Du côté des putschistes réunis au sein d’un Haut Conseil d’État de onze membres (parmi lesquels les quatre ex-limogés), la riposte n’a guère été plus subtile. La volonté affirmée d’Ould Abdelaziz de « sauver » le pays et de le ramener sur la voie de la démocratie n’abuse personne. Depuis l’élection de Sidi Ould Cheikh Abdallahi, la Mauritanie a sans doute traversé bien des crises : de la baisse des revenus pétroliers à la flambée des prix, en passant par la série noire terroriste ouverte avec l’assassinat, le 24 décembre 2007, de quatre touristes français. Mais le chef de l’État a été régulièrement élu, les libertés individuelles et politiques n’ont jamais été aussi grandes et le pays bénéficiait des faveurs de la communauté internationale, qui voyait en lui un espoir pour l’avènement de la démocratie dans le monde arabeÂÂÂÂ
Ralliements en série
Pour autant, le chef de l’État autoproclamé n’a pas eu de mal à trouver des soutiens dans la classe politique. Dès le 7 août, les lignes ont commencé à bouger. Hier thuriféraires de « Sidi », certains notables nouakchottois se sont soudain mis à recenser ses erreurs et à se faire voir dans l’entourage de son successeur, attirés comme par un aimant par le nouveau chef (celui-ci formera un gouvernement dans les prochains jours et a promis d’organiser des élections dans une période « aussi courte que possible »).

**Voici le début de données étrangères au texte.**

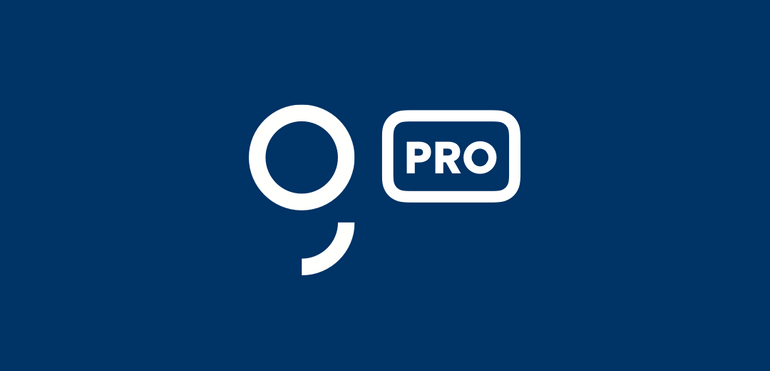Logo von George Pro (weiß) auf dunkelblauem Hintergrund.
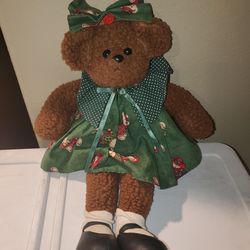 Vintage 1997 ANCO teddy in green dress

Parmi eux, les frondeurs du PNDD. De son côté, le principal parti d’opposition, le Rassemblement des forces démocratiques (RFD), a « pris acte » du putsch. À l’en croire, le « changement » était « inévitable » : Sidi récolte ce qu’il a semé. Le RFD a de bonnes chances de figurer dans le futur gouvernement et Ahmed Ould Daddah, son chef, d’être à nouveau candidat à la présidentielle.
Dans la majorité, l’Alliance populaire progressiste (APP), de Messaoud Ould Boulkheir, le président de l’Assemblée nationale, et les loyalistes du PNDD ont quand même condamné le renversement de leur chef. Deux partis d’opposition, le Rassemblement national pour le renouveau et la démocratie (RNRD) et l’Union des forces de progrès (UFP), qui avaient brièvement rejoint le deuxième gouvernement de Sidi, les ont imités. Mais, dans un pays où le nomadisme politique est la norme, le paysage est encore appelé à évoluer. Peut-être le président déchu aura-t-il réfléchi aux scénarios possibles depuis sa retraite forcée. Parmi les quelques objets que sa famille a réussi à lui transmettre figure un ouvrage de l’intellectuel français Jacques Attali. Il s’intitule Une brève histoire de l’avenir.